|Action||Amendments Regarding Use of Controversial or Sensitive Instructional Materials|
|Comment Period||Ends 1/15/2014|
This respected body shouldn't concern itself in legislating the slippery slope of "morality," which is central to the legislation. You aren't so much keeping parents aware, as you are threatening teachers with spooky, ambiguous language. Who is to say what is controversial?
Schools already have a rigorous process in play that vets material for its educational merit. Additionally, the new push in education is to teach multiple texts in a classroom. This method allows the teacher to differentiate and give options to students, thus reducing the risk for a student feeling forced into a text that makes them uncomfortable. Independent reading is also a major resource for the English teacher that also allows the student to differentiate to literature that makes them comfortable based on rigor and topic. This legislation could easily be interpreted as a means to ban any literature not expressly delineated in the syllabus. Therefore you would limit the number of texts a teacher would be willing to show a student, which would actually increase the likelihood that there would be a concern. More to the point, you would also be more likely to discourage reading altogether.
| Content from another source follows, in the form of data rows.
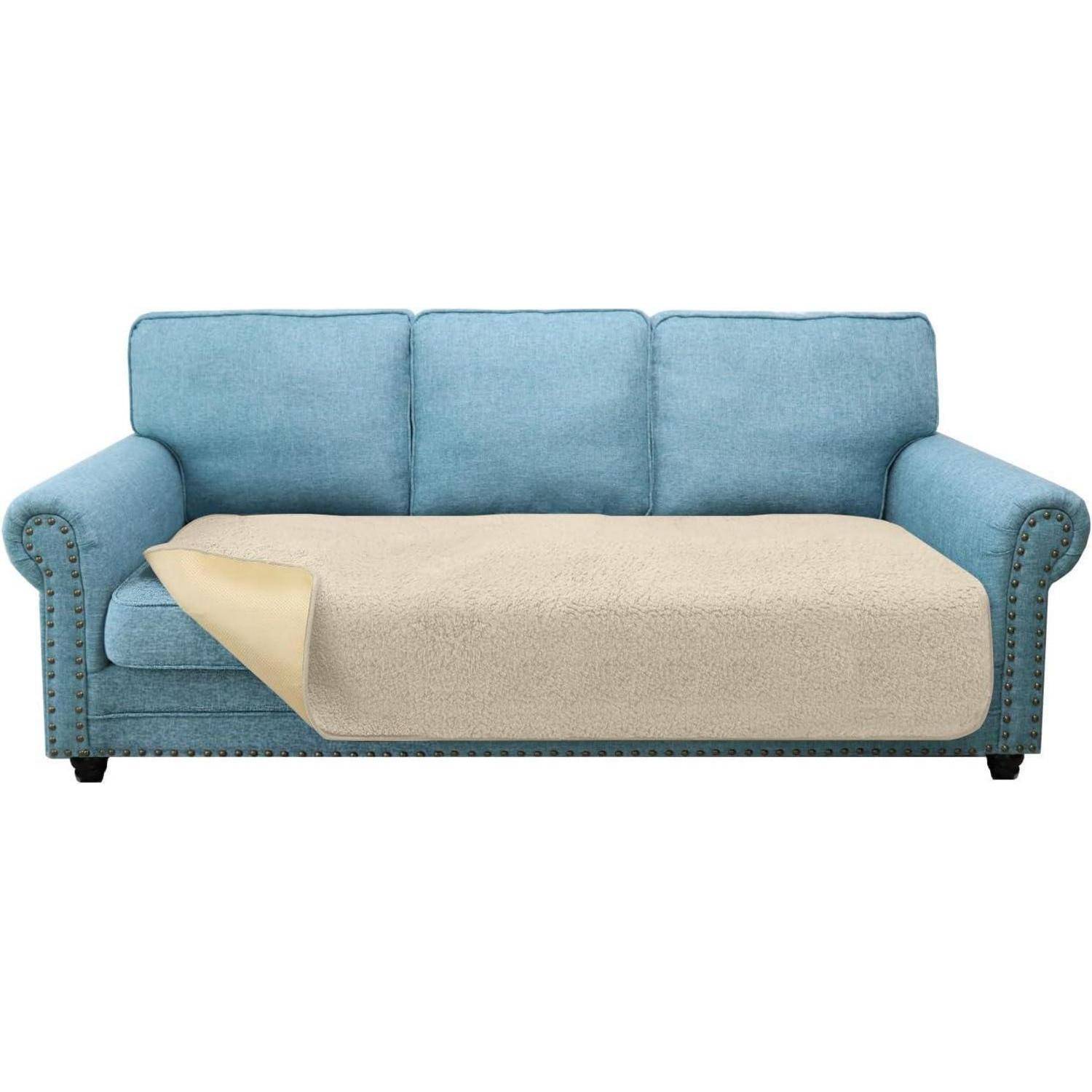 Eine blaue Couch mit drei Kissen ist teilweise von einer beigen, strukturierten Decke auf dem Sitzbezirk bedeckt, was Komfort und Stil suggeriert.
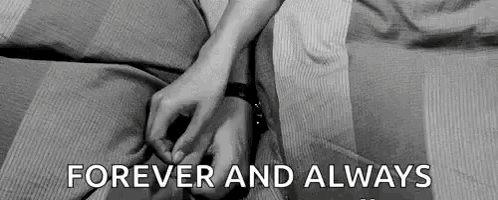 A Black And White Photo Of A Couple Holding Hands . GIF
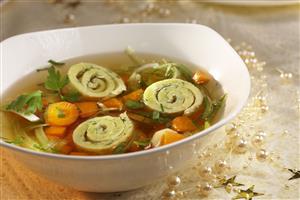 Caldo de pollo con tortilla, zanahorias y perejil. Receta disponible.
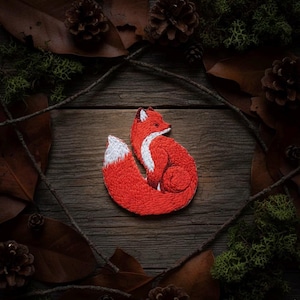 Op de afbeelding: Geborduurde patch van een opgerolde vos met rood haar en een witgepunte staart. De vos is geplaatst tegen een rustieke houten achtergrond, omringd door bladeren, dennenappels en mos. Een gedetailleerd, handgemaakt item.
Teachers are constantly looking for opportunities to connect with students. This often requires the teacher to know their audience and improvise during the year, well beyond the point of submitting a syllabus. The limiting language of this legislation would make it impossible for a teacher to improvise the curriculum to better meet the needs of the student without fear of reprimand. This would hurt students since it puts extraordinary limits on how a teacher may connect students to content.
All in all, it would do more harm and no good.